Mr Rabbitte said he was amazed at the Minister’s reply. “He told at least one Sunday newspaper that he had such plans,” he added.
The indication was, said Mr Rabbitte, that it would be held in conjunction with the referendum on children’s rights. He asked if the Minister was resiling from the position that he would recommend to the Cabinet that there be a referendum on blasphemy.
It seemed to Mr Rabbitte that if the referendum on the rights of the child were to proceed this year, the Government could not reasonably prevent three byelections being also held. He wondered if the Government planned other putative constitutional referendums to be included with the one on children’s rights and delay matters until next year.
Mr Rabbitte claimed that the Minister’s reply was “a backtracking” on what he understood the position to be from the Taoiseach in the Dáil.
Mr Ahern repeated that he would be happy to propose to the Government a referendum on blasphemy at the appropriate time.
“I did indicate that given the fact the programme for government indicated that we would have two or three referendums – if my memory serves me correctly – in the lifetime of the Government, it may be appropriate to add on a referendum relating to to the article to which you refer,” he added.

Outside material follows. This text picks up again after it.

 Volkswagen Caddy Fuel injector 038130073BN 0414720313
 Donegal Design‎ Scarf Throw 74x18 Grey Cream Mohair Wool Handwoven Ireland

Pressed by Mr Rabbitte to say if the blasphemy referendum would be included with a referendum on children’s rights, Mr Ahern said that no decision had been made.
Mr Ahern added that a Minister could not make such a decision in the Dáil. He added: “It has to be made by Government, and, obviously, the content relating to how we would deal with the article in the Constitution – whether we would take it out all together and leave it and say nothing or to adhere to some of the recommendations that have been made by the committee on the Constitution – all of those things would be taken into account.” He added that they would “wait and see” how it would be dealt with.